Sol Nazerman, un survivant de l’holocauste, est prêteur sur gages à Harlem. Il vit en banlieue avec une autre rescapée de la Shoah qui, elle, y a perdu son mari. C’est un homme très dur en affaire qui sait que les malheureux qui viennent à lui doivent accepter ses conditions. Il travaille avec un jeune portoricain, Jesus Ortiz, mais il recycle aussi de l’argent sale pour le compte d’un caïd local, Rodriguez. Sol a une vie monotone et sans joie, parfois troublée par les souvenirs de tous ceux qu’il aimait et qu’il a perdu. Sa dureté va faire que le jeune Jesus va s’acoquiner avec une petite bande de malfrats pour le dépouiller. Mais ce n’est pas tout, les souvenirs se faisant de plus en plus douloureux, il va refuser de blanchir l’argent de Rodriguez, celui-ci le menace. Il va alors retrouver Madame Birchfield, une autre âme solitaire qui aimerait se rapprocher de lui. Mais incapable d’émotion, Sol va s’enfuir. Troublé par des souvenirs qui reviennent en rafales, il n’arrive plus à travailler correctement, il achète et vend à n’importe quel prix. Rodriguez vient pour le menacer s’il ne continue pas à blanchir de l’argent, il va cependant commencer à comprendre que Sol est au-delà des menaces maintenant, et il le laisse en paix. Mais ce sont les complices de Jesus qui viennent pour le voler. Ils le menacent encore, mais ils n’arrivent à rien. Jesus intervient malencontreusement et sera tué.

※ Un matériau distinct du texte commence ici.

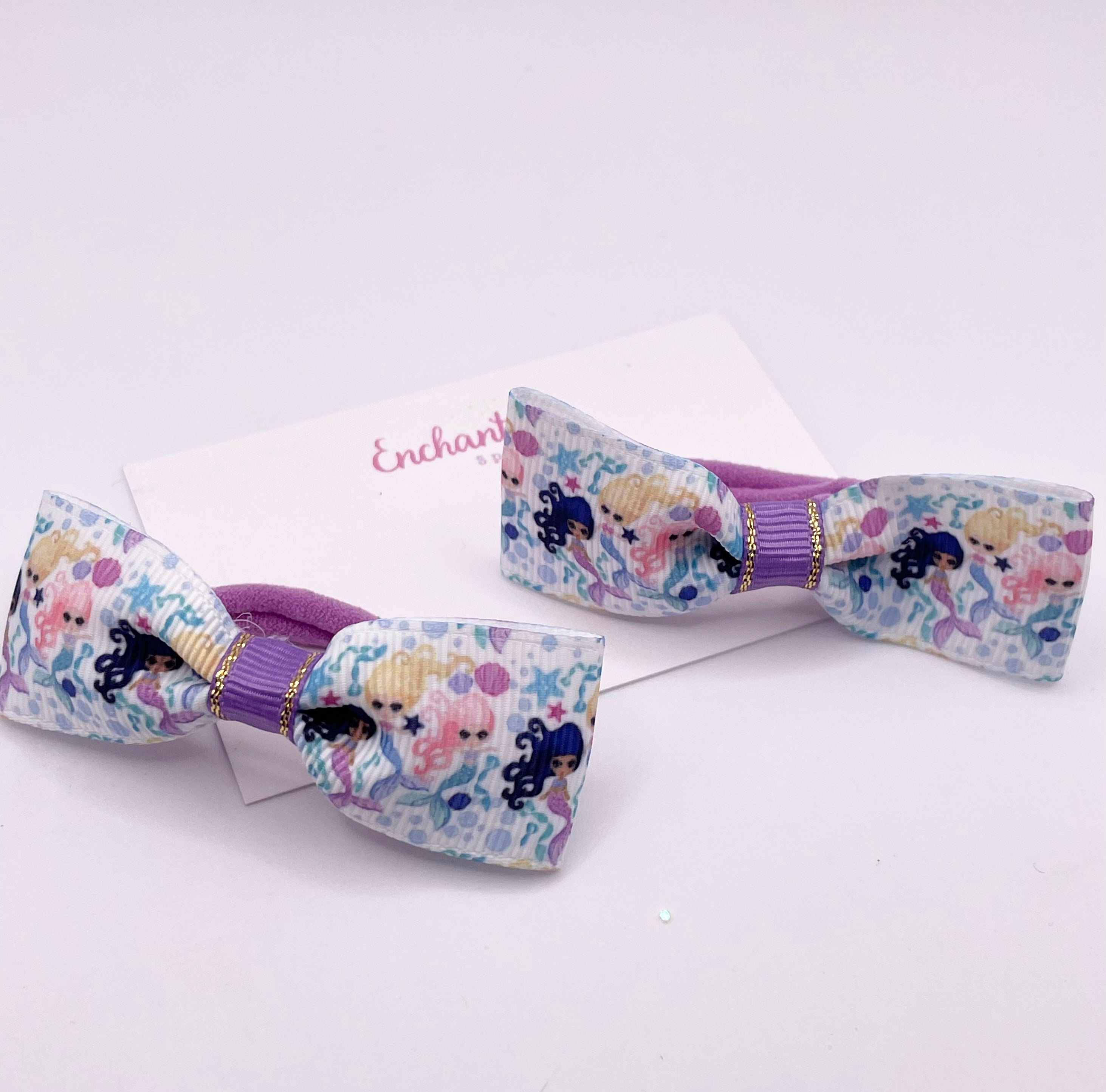 Pretty Mermaids Ribbon Tux Bow Hair bobble Pair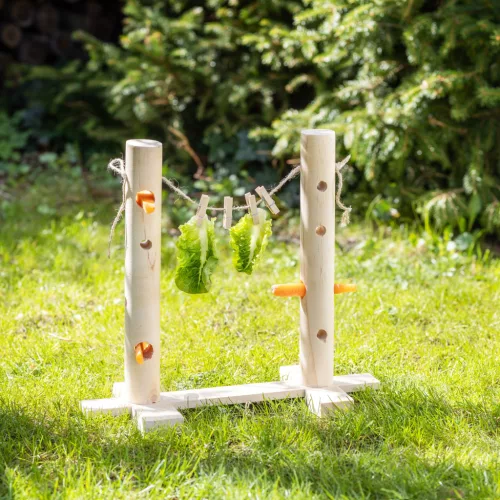 Statie de hranire pentru iepuri Navaris, din lemn pin, 34x31x15 cm, 57230.01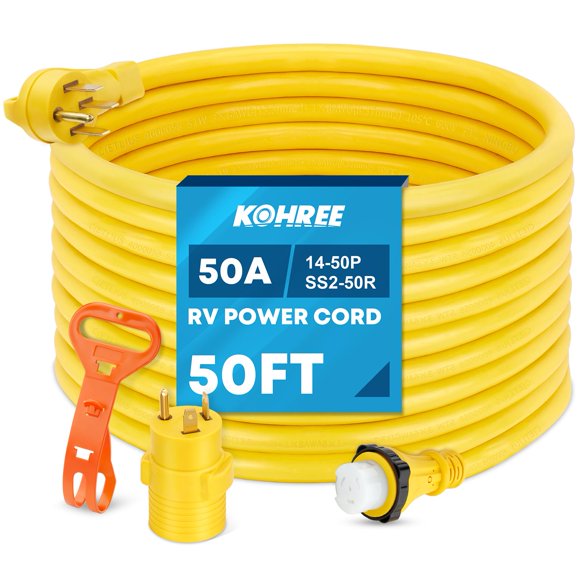 Cable de extensión Kohree de 15 m, 50 amperios, para RV, con conector twist lock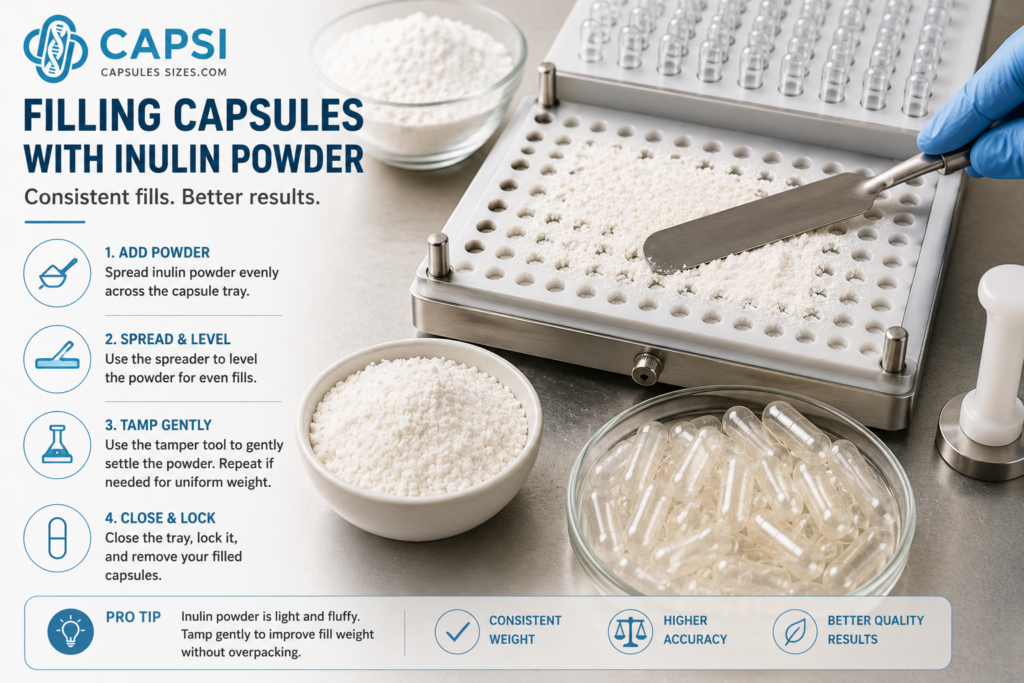 Filling empty capsules with inulin powder using capsule machine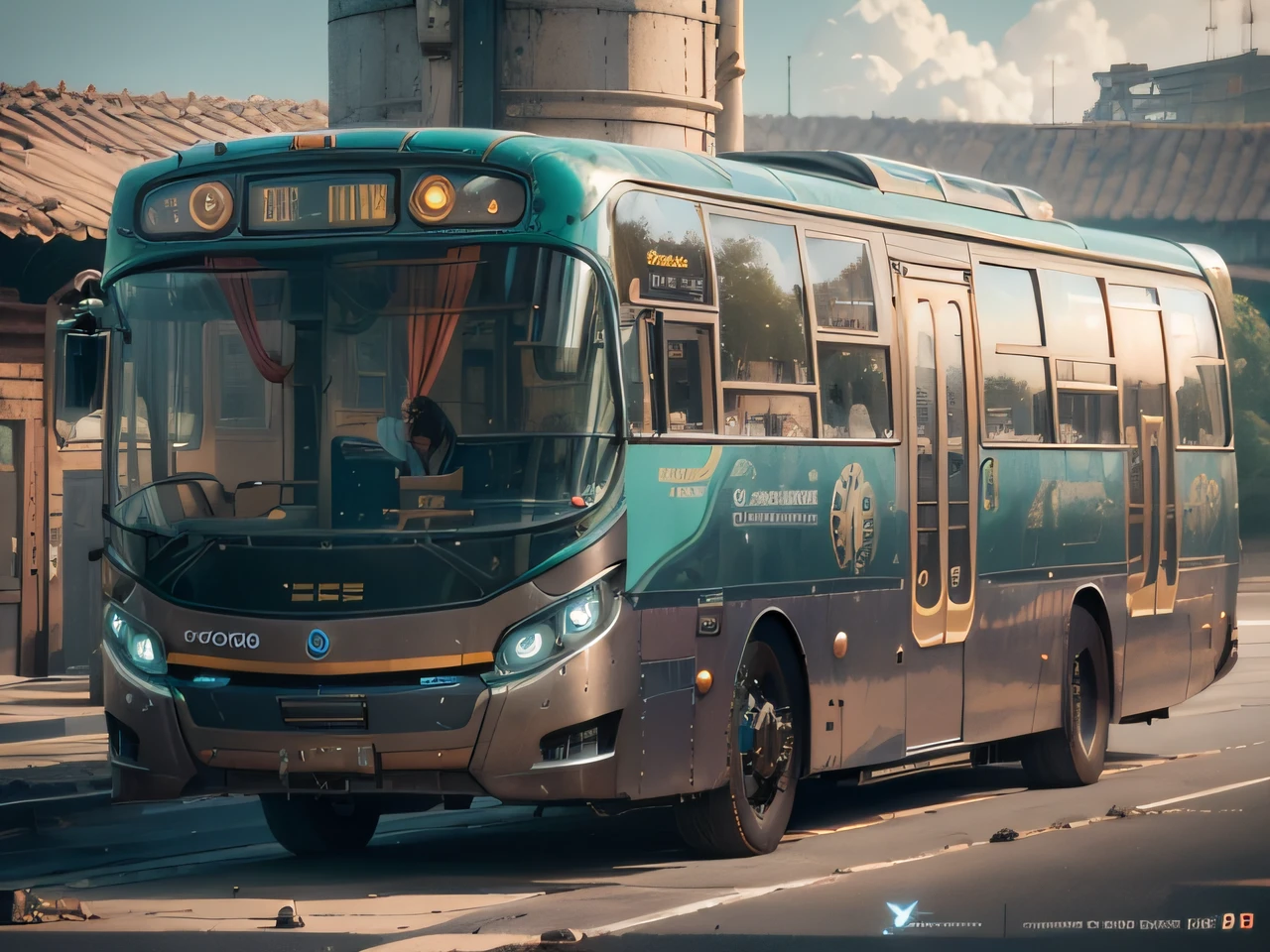 futuristic bus, brancos de fundo, Corpo Steampunk, detalhes intrincados, Magnificent, cinemactic, high resolution, 4k,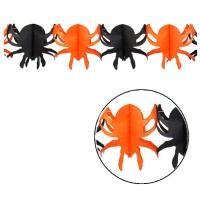 Guirlande d'araignées orange et noires - 3,00 m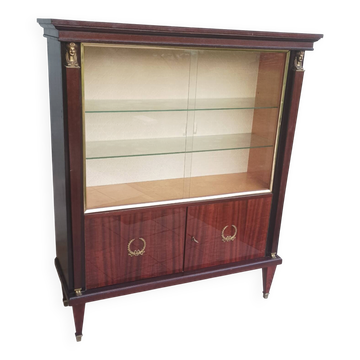 Vitrine style Empire en placage d'acajou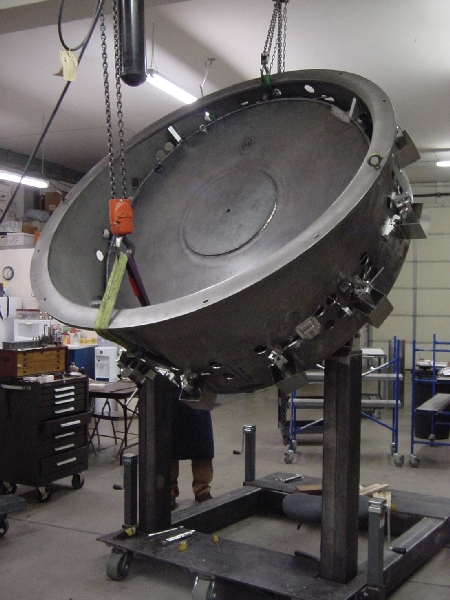 Front view with dummy mirror in cell.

C’est dans ce moment que Sol va retrouver des émotions et son humanité perdue.
Sol Nazerman arrive à sa boutique
C’est très typique des années soixante, avec un absence de cynisme, Lumet va mettre en scène une sorte de parallèle entre les Juifs de la Shoah et les noirs d’Harlen, encore que dans le film cela soit bien moins marqué que dans le livre. Militant pour les droits civiques, on est surpris de ce mélange en plein Harlem de blancs et de noirs, de Portoricains et de Juifs. C’est donc autour de cette idée que s’articulent les autres thèmes. Notamment celui de l’impossibilité d’oublier, comme de impossibilité de se souvenir et d’assumer le passé. La Shoah a posé cette marque aussi sur les survivants, elle leur a ôté toute la bonté qu’ils pouvaient avoir en eux. Les personnages s’enferment dans leur solitude, dans une ville qui ressemble à une prison. La solitude n’est pas seulement celle de Madame Birchfield ou celle de Sol, elle est tout autant celle des clients qui viennent réclamer un peu d’argent ou même un peu de conversation à Sol, que celle de Tessie que Sol abandonne pratiquement lorsque son père vient à décéder. Même si l’histoire est très noire, il y a une forme d’optimisme qui transparaît parce que Sol Nazerman va retrouver la parole et des émotions, il n’est donc pas perdu. Il y a aussi de l'audace dans l'homosexualité suggérée de Rodriguez.
C’est un homme dur en affaire
La réalisation présente des points très forts et des points faibles. Lumet a toujours eu une grande capacité pour filmer New York comme un être vivant. Il y aura d’ailleurs de nombreuses séquences qui sont filmées à même la rue, par exemple quand Sol va chez Madame Birchfield, et qu’il traverse des quartiers très modernes, filmés le plus souvent en contre plongée pour mieux en faire ressentir l'oppression. Ou encore la course de Jesus dans les rues d’Harlem quand il part à la recherche de la petite bande de Tangee. Lumet sait se servir d’une grue, d’un travelling. Les scènes à l’intérieur de la boutique de prêts sur gages sont plus bavardes et redondantes, et si Lumet en saisit parfaitement la lumière glauque, cela reste un peu trop théâtral. La difficulté vient aussi quand il s’agit de ramener les souvenirs de Sol à la surface. Lumet s’en tire plutôt bien, mais ce n’est pas éclatant. De même la scène d’ouverture qui représente un peu une vie familiale réussie et idyllique par opposition au drame qui s’ensuivra, est un petit peu poussive. Pourtant ces scènes sont nécessaires, comme celle mieux amenée qui se passe dans un wagon plombé et qui voit la mort de David, et qui procède directement des visions que Sol a dans le métro. L’ensemble s’appuie sur une excellente photo de Boris Kaufman qui a travaillé aussi bien avec Lumet qu’avec Elia Kazan. Il y a beaucoup de plans très rapprochés des visages, mais ils sont là pour souligner la souffrance et les incertitudes de la vie.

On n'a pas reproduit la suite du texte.